お馴染み「ミッション:インポッシブル フォールアウト」、面白かったけどイーサン・ハント(トム・クルーズ)ってさー、身体能力高いのにも程があるとか、ここが例の骨折場面かとか、もうそろそろトシなのにいくら何でも無理しすぎだろとか無駄にリアルな心配もしてしまう(笑)。でもそれとは別にいつもの音楽がそれぞれの場面にガシッとハマるのも快感。
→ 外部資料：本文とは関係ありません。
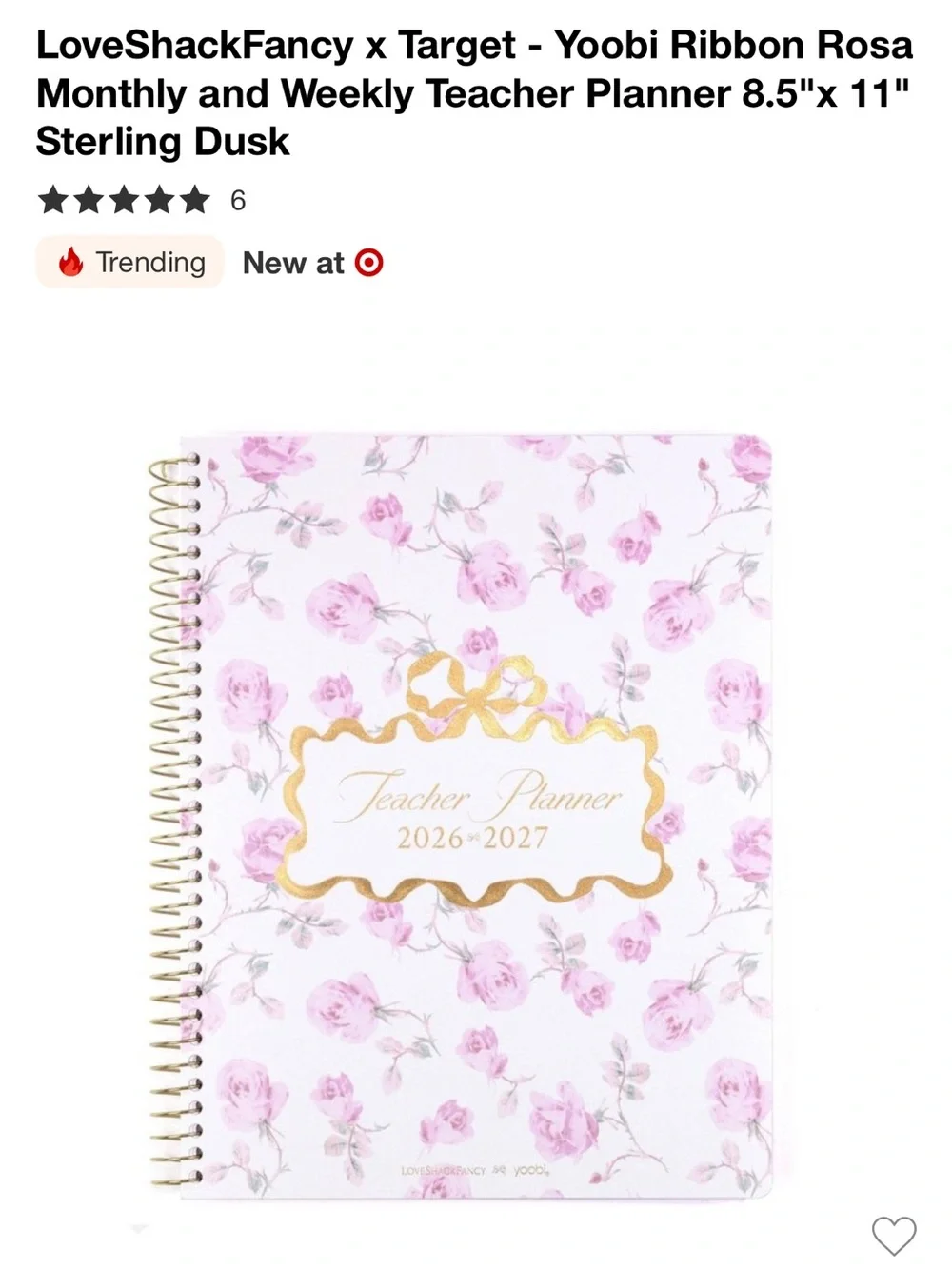 💗🎯 LoveShackFancy x Target - Yoobi Monthly & Weekly Teacher Planner 8.5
各キャラが実に魅力的だけど何よりも二転三転どころか九転十転するストーリー、ロケーションを最大限生かした超弩級のアクション、本当にインポッシブルな展開にワクワクドキドキして面白かった。でも前作を復習しておくともっと良かったの鴨。

ブリグズリーベア」は誘拐犯に彼らの子どもとして育てられ、全く外に出ることなく誘拐犯が製作した教育ビデオ「ブリグズビー・ベア」だけを見て育った青年が、25歳にして現実社会に戻ってくるという物語。ある意味オタクの純粋培養と言える鴨w 現実にこんな事があったら世間の好奇の目にさらされ当事者は心が壊れてしまうかもしれないし、この映画に出てくるような人達ばかりではないだろうけど。でも彼の「ブリグズビー・ベア」を追う気持ちが周りの人を少しずつ変えて行く。好きな気持ちが明日を変えるという作品。

search/サーチ」は全編PC画面上で行方不明になった娘を探す父親の物語が展開するが、全く退屈しない。SNSだけでなく様々なメディア上に情報が溢れかえるけど、FaceTimeやニュースメディアで主人公の父親の姿も映るので一方的な感じではないし、画面のカーソルの動きや文字入力のスピード、一旦入力した文字の取り消し、何を検索したかからもこの父親の心情がよくわかる。でもとーちゃんネットスキル高過ぎではww

他の感想(ほとんどtwitterでつぶやいたものだけど)は折りたたみ先に残しておきます。今年は前売り券を使えるうちに「パッドマン」を見たいけど、先週公開の「日の名残り」とか来月公開予定の「七つの会議」「ファースト・マン」も見たいし、テレビドラマも1月期ドラマが始まったのでとりあえず第1回は見なくちゃならないし、いつもと同じく、無駄に忙しい(笑)。